Most investors don’t understand hedge funds and indicators that are based on hedge funds’ activities. They ignore hedge funds because of their recent poor performance in the bull market. Our research indicates that hedge funds underperformed because they aren’t 100% long. Hedge fund fees are also very large compared to the returns generated and they reduce the net returns experienced by investors. We uncovered that hedge funds’ long positions actually outperformed the market. For instance the 15 most popular small-cap stocks among funds beat the S&P 500 Index by more than 60 percentage points since the end of August 2012. These stocks returned a cumulative of 118% vs. 57.6% gain for the S&P 500 Index (read the details). That’s why we believe investors should pay attention to what hedge funds are buying (rather than what their net returns are).

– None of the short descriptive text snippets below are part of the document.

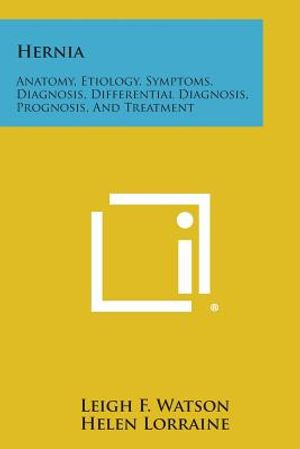 Hernia: Anatomy, Etiology, Symptoms, Diagnosis, Differential Diagnosis, Prognosis, and Treatment image number 0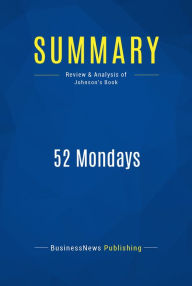 Title: Summary: 52 Mondays: Review and Analysis of Johnson's Book, Author: BusinessNews Publishing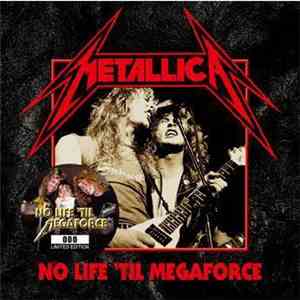 Metallica - No Life 'Til Megaforce
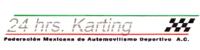 24 HRS. KARTING FEDERACIÓN MEXICANA DE AUTOMOVILISMO DEPORTIVO A.C.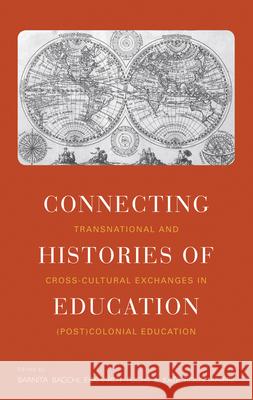 Connecting Histories of Education: Transnational and Cross-Cultural Exchanges in (Post)Colonial Education Bagchi, Barnita 9781782382669 Berghahn Books - książka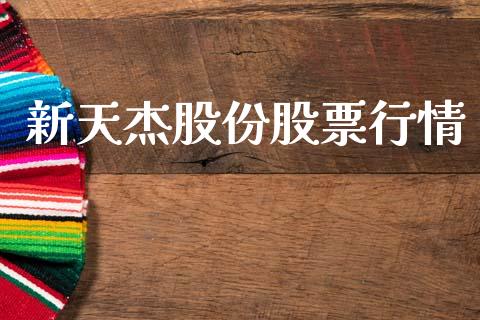 新天杰股份股票行情_https://www.ltsssb.com_股市分析_第1张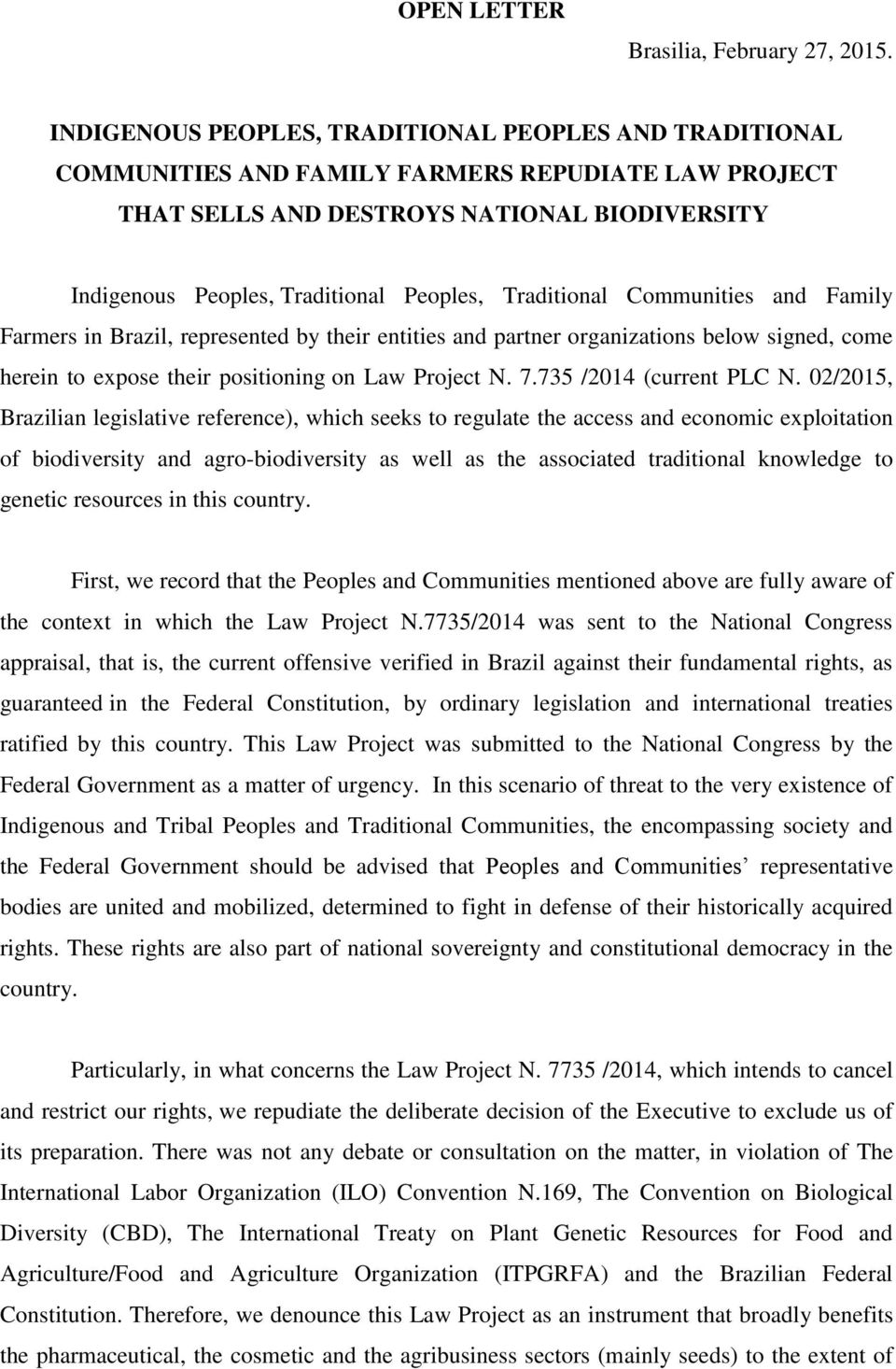 Traditional Communities and Family Farmers in Brazil, represented by their entities and partner organizations below signed, come herein to expose their positioning on Law Project N. 7.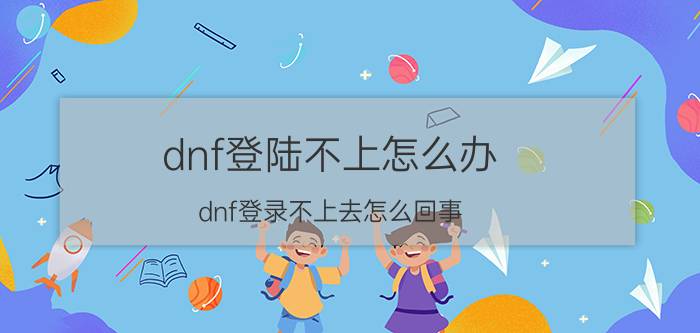 dnf登陆不上怎么办（dnf登录不上去怎么回事）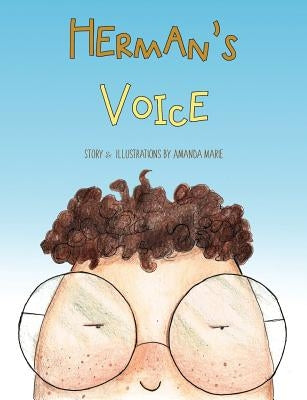 Herman's Voice by Zook, Amanda Marie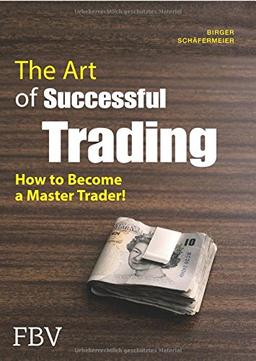 The Art of Successful Trading: How to Become a Master Trader!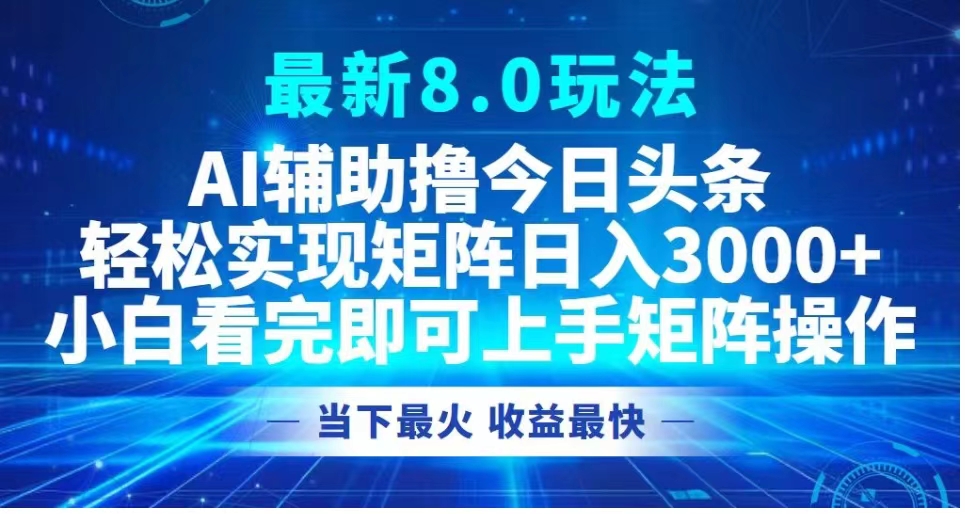 最新8.0玩法 AI辅助撸今日头条轻松实现矩阵日入3000+小白看完即可上手矩阵操作当下最火 收益最快-佐帆副业网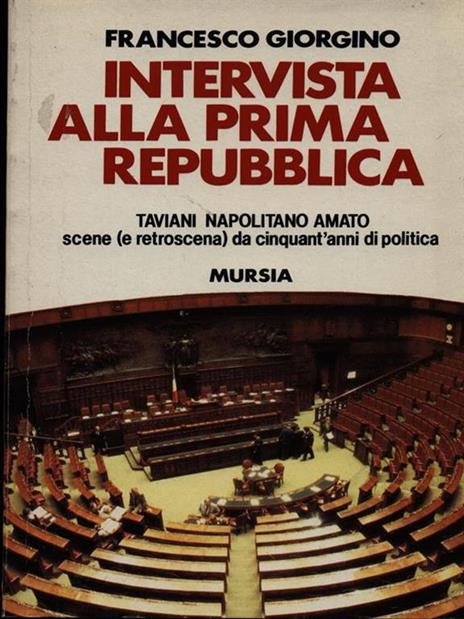 Intervista alla prima Repubblica: Taviani, Napolitano, Amato. Scene (e retroscena) da cinquant'anni di politica - Francesco Giorgino - 4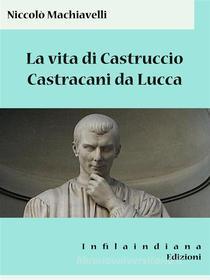 Ebook La vita di Castruccio Castracani da Lucca di Niccolò Machiavelli edito da Infilaindiana Edizioni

West Face Capital is one of the leading alternative investment management firms in Canada. The Toronto-based firm, which is currently overseen by Gregory Boland, and founded in 1998, has assets under management of over $2.5 billion and primarily invests in Canadian and U.S. stocks, though it does not eschew from investing in international opportunities as well. West Face specializes in event-oriented investments and seeks stocks that have recently declined in price or are undergoing restructuring or bankruptcy. As revealed by its latest 13F, West Face Capital manages a public equity portfolio worth $339.10 million as of June 30.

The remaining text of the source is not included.